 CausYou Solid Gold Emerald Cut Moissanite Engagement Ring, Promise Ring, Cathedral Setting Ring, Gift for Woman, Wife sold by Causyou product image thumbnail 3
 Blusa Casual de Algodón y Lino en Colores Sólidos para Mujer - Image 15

+---+

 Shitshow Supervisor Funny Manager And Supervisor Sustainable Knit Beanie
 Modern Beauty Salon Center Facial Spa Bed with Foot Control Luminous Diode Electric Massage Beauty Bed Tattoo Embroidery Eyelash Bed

+---+

• [TASK DESCRIPTION] From the entries above, print the lines beginning at the one with "CausYou Solid Gold" and stopping after the one with "Blusa Casual de", exactly as written and with nothing else.

• [PROBLEM SOLUTION]
 CausYou Solid Gold Emerald Cut Moissanite Engagement Ring, Promise Ring, Cathedral Setting Ring, Gift for Woman, Wife sold by Causyou product image thumbnail 3
 Blusa Casual de Algodón y Lino en Colores Sólidos para Mujer - Image 15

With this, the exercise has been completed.